REQUIRED WORK
The answer should hold only the lines from the one that contains "On this side" through the last line of the material, repeated exactly, without pictures.

DATASET SECTION
::::
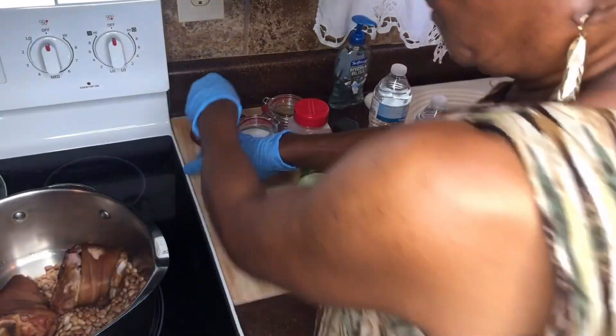Before I put my water in, I'll cut my ingredients. It doesn't matter how big you cut them up, because by the time these pinto beans cook, they'll be gone. I'm going to start cutting my onion first — a whole medium yellow onion.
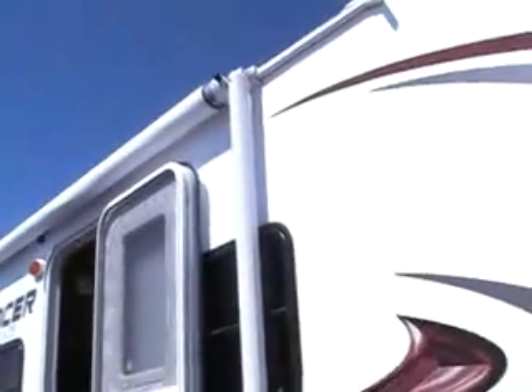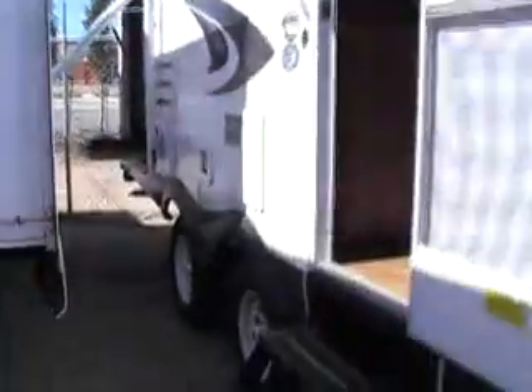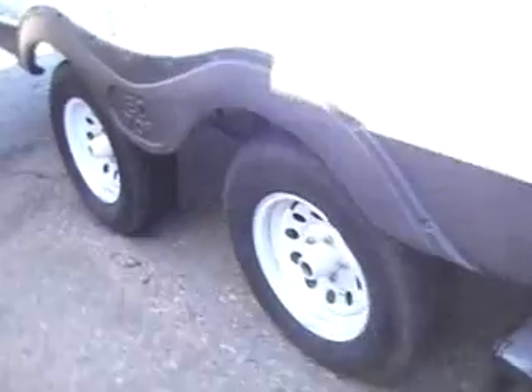On this side here there's another storage door. It has the standard awning with the outdoor speakers on it, and has the load equalization axles, which take tongue weight off your tow vehicle and make it more sturdy.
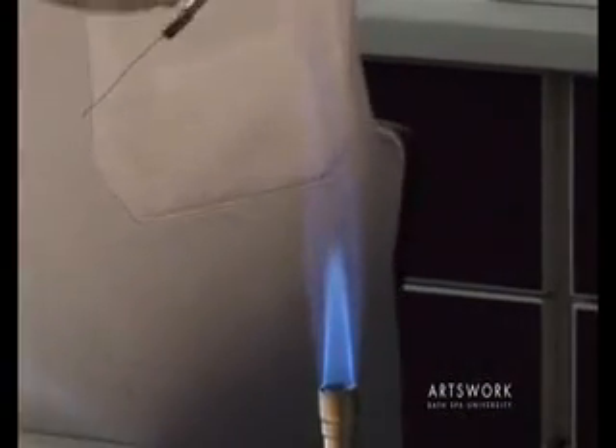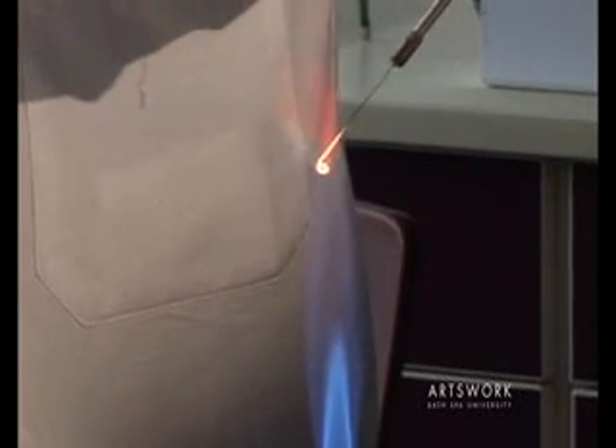Alternatively, if you have it too high, the flame is cooler, so it's not as effective at sterilising that loop.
::::
RESULT
On this side here there's another storage door. It has the standard awning with the outdoor speakers on it, and has the load equalization axles, which take tongue weight off your tow vehicle and make it more sturdy.
Alternatively, if you have it too high, the flame is cooler, so it's not as effective at sterilising that loop.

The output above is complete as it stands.